Initially Avid Life Media CEO Noel Biderman hinted a contractor (someone who “had touched our technical services”) with access to its systems was responsible. In fact he claimed he knew exactly who it was. However, there’s been nothing since, although Toronto police are investigating and it can take time to assemble a case. Dupont described it as a “very surprising breach, because it doesn’t fit any of the patterns of other high-profile breaches in the sense that since August we’ve heard nothing about it.”
It also isn’t known how much damage the attack — which according to an analysis of the data by some suggests the majority of Ashley Madison subscribers were men — has done to the company. But some security experts say there are two lessons from this attack: First, a company that claimed it had tough security wasn’t looking closely enough at potential vulnerabilities, and second that Web sites with a sexual tinge will be targets.
Looking at the publicly-reported incidents “the majority of breaches happened not because the attackers were especially sophisticated or innovative,” Dupont said, “but more because systems are so poorly protected and many companies still make the same low-level mistakes people have been talking about for the past 10 years. Unfortunately, 2015 wasn’t much different from the previous years, despite efforts by the press and government agencies to raise awareness and raise capacities to protect against these types of incidents.

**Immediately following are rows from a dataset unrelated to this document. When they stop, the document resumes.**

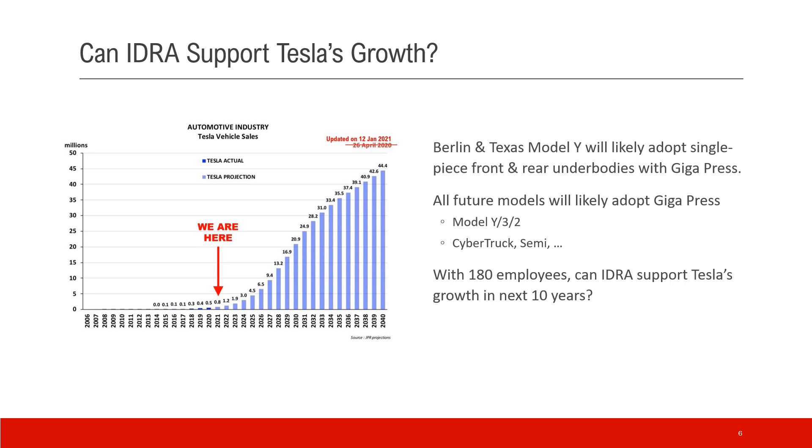As a Tesla investor, you should be alert about this. The left graph shows Tesla's capacity trajectory over the next 20 years — by 2030, Tesla is expected to reach roughly 20 million units per year. Berlin and Texas Model Y will likely adopt single-piece casting for both front and rear underbody with Gigapress, and all future models are likely to use Gigapress. The Cybertruck will be even bigger — they said they are building an 8,000-ton Gigapress to serve it. With only 180 employees, can IDRA support Tesla's growth in the next 10 years? That's a big question for Tesla investors.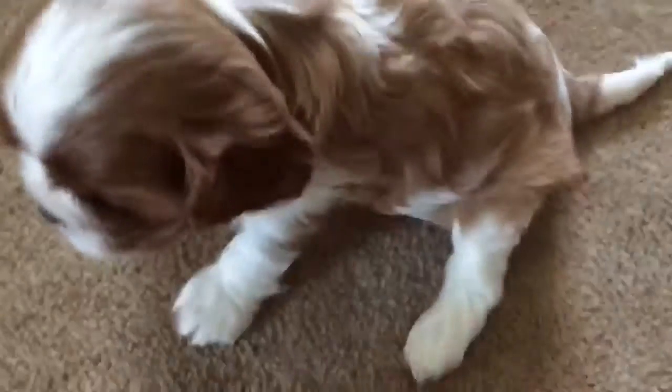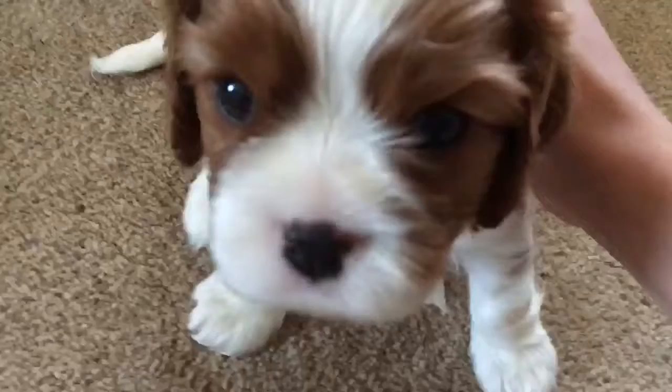Hey guys, welcome back to a new video. Today we are meeting the puppies. Come over here. Look at how cute that is. You are so cute.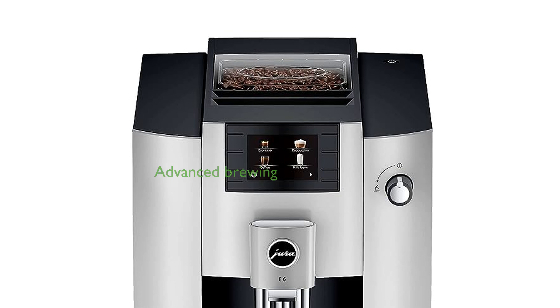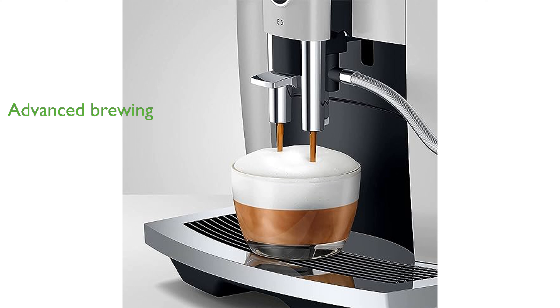Jura's advanced pulse extraction process and 8th generation brew unit with 3-dimensional brewing technology produce top-notch espresso. The Jura E6 Platinum emphasizes eco-friendliness and efficiency, making it a standout option for coffee enthusiasts.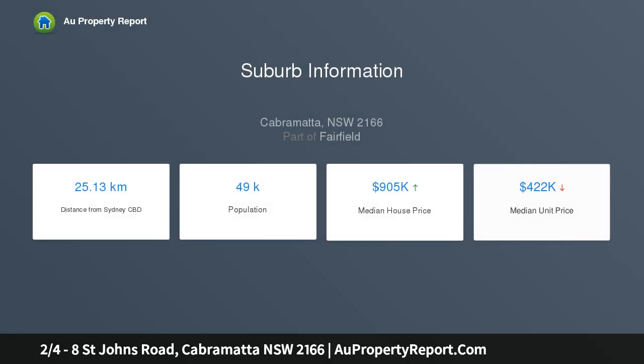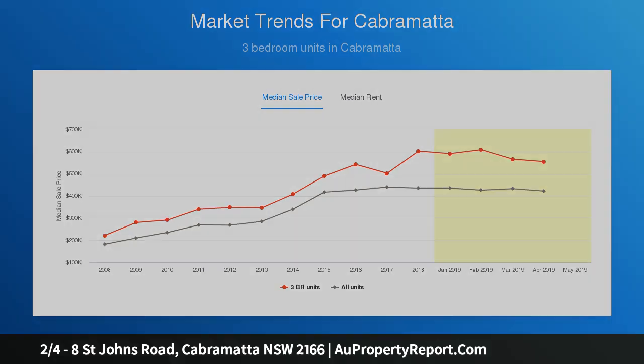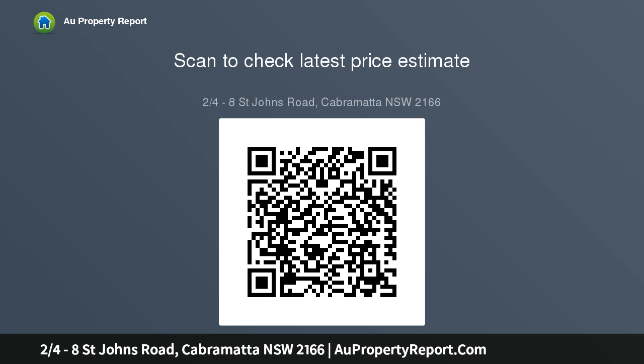The unit is ideal for first home buyers, downsizers, and investors alike. Features include two good-sized bedrooms with built-ins, spacious L-shaped living leading to a balcony, large kitchen, internal laundry, bathroom, and single lock-up garage. Excellent location within moments of Cabramatta's vibrant CBD, Cabramatta train station, and Sacred Heart PS. Rental return $340 per week, strata $406 per quarter.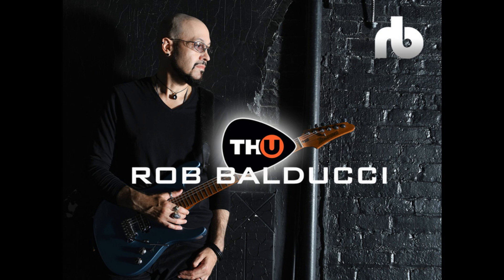TH-U Rob Balducci is both a TH-U expansion pack and a stand-alone plug-in, meaning that it can expand the model list of an existing TH-U installation, or it can also be purchased as a self-contained pack that includes all the TH-U editing features, including the rig player, the tuner, and the looper, with no need to have a pre-existing TH-U license.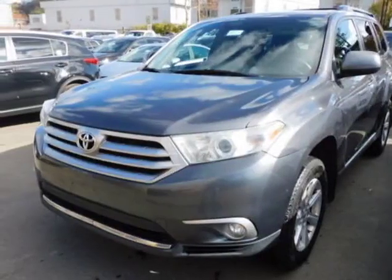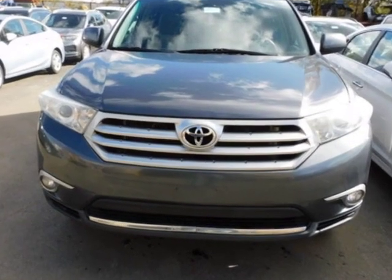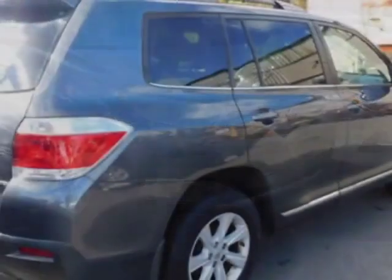Take a look at this 2012 Toyota Highlander. For your protection, a warranty is available for this vehicle. This Highlander boasts a 3.5 liter engine and has an automatic transmission.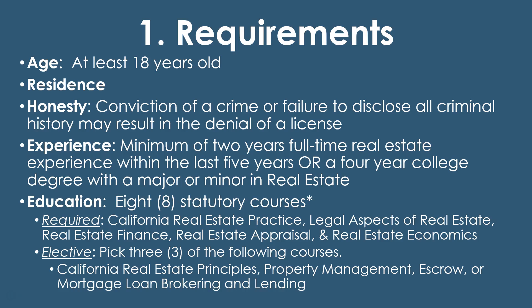Even besides experience or the degree, you still have to fulfill the education requirements, which are eight statutory courses — just a fancy word for pre-licensing courses. You have to have: California Real Estate Practice, Legal Aspects of Real Estate (real estate law), Real Estate Finance (it has to be real estate finance, not general finance), Real Estate Appraisal, and Real Estate Economics. For the economics requirement, macro or micro economics, as well as an introductory general economics course or a general accounting course, will also fulfill this. Those are the five mandated courses.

“It’s depressing actually.”
The year also saw several other notable reports:
–The Canadian Radio-television and Telecommunications Commission (CRTC) served it’s first-ever warrant under Canada’s anti-spam law (CASL) this month to take down a command-and-control server in Toronto as part of a co-ordinated international effort. The server distributed the Win32/Dorkbot malware. However, the majority of spam and malware still comes from outside the country;
–The RCMP released its Cybercrime Strategy, which sets out an operational framework and an action plan to help the national police service reduce the threat and impact of cybercrime here. Over the next five years it will create a new investigative team dedicated to combating high-priority cybercrime, establish a dedicated intelligence unit to identify new and emerging cybercrime threats and improve digital forensic evidence capabilities for cybercrime investigations.
Finally, a former hospital clerk who pleaded guilty to selling securities without a licence, was given a $36,000 fine, two years of probation and 300 hours of community service by an Ontario judge for selling over 12,000 confidential maternity patient records to registered education savings plan (RESP) firms. In a separate hospital data selling case a Toronto nurse and an RESP broker are facing criminal charges, including bribery.